In this post I wanted to start to share my perspective on what makes WFH work, both from the perspective of the employee who works from home and the leader who has remote (or virtual) team members. To that end, over the next few weeks I will share a series of hints & tips. Hopefully some of them will prove useful and others may have you thinking Doh! :-)
Lesson #1: Be Visible
Working from home has the potential to be isolating. This can impact your access to people and ideas, and make you invisible to the organization. Not a good position to be in. However all is not loss, and in fact with the right strategy WFH can make you vibrantly visible at an international level. All you have to do is:
- Be active, not passive!
Reach out to your colleagues on a daily basis across the most appropriate digital channels. I’m not suggesting you start spamming them; just let them know you are there to help, or share interesting articles, ideas, introduce them to people, update them on projects, be that source of all knowledge that no-one can live without :-)

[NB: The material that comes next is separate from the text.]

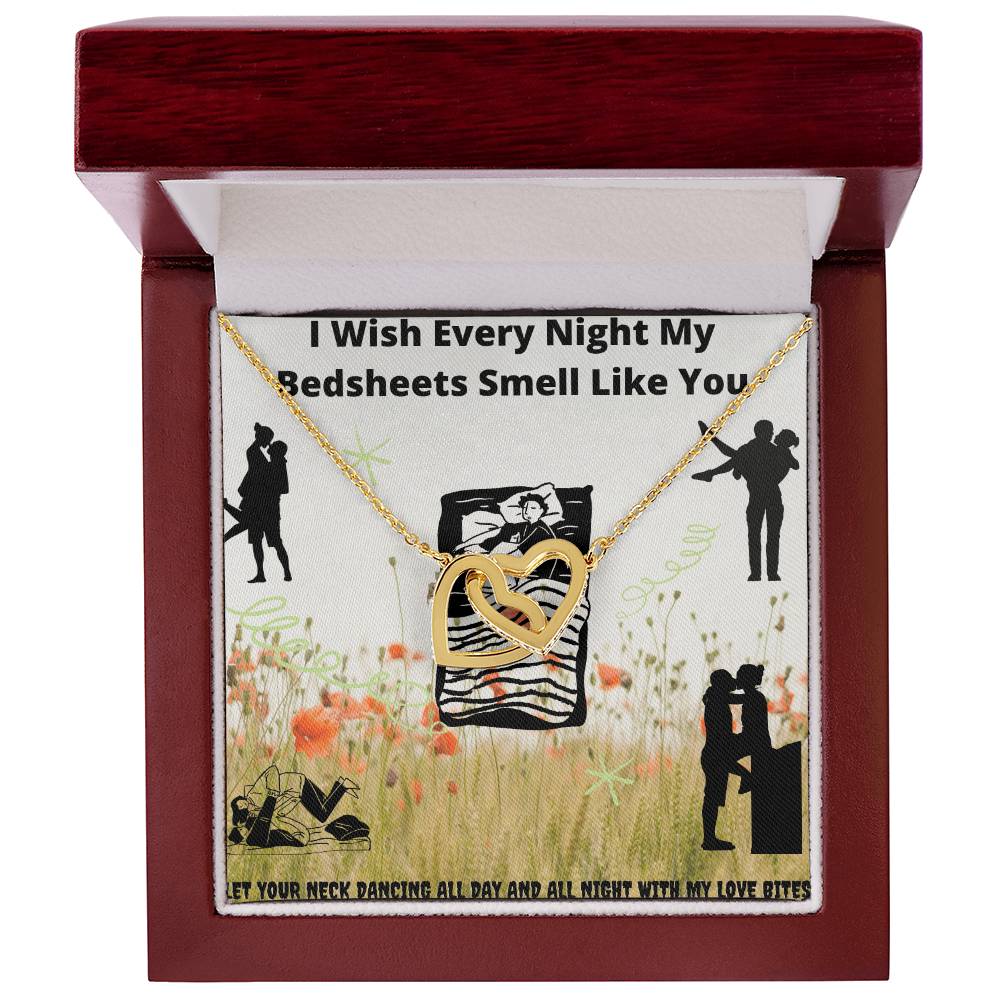 I Wish Every Night My Bedsheets Smell Like You - Gift For Future Wife Interlocking Hearts Necklace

- Think globally, not locally!
If digital channels are your primary form of communication, and you are willing to be flexible on time-zones (not as difficult as it sounds), then location becomes irrelevent. Reaching out to John from the New York office or Jane from the Dublin one is as simple as dialing a number or clicking on an instant message icon.
- Virtual can be personal!
Don’t think of digital channels as being sterile, they are only as sterile as you choose to make them. Whether its adding some great emoticons to your instant messaging client, sharing an excellent dilbert cartoon, or giving someone a virtual pat-on-the-back for a job well done, it is possible to make virtual personal. In fact I believe its critical that you build close relationships through these channels, and all that it takes is a little imagination.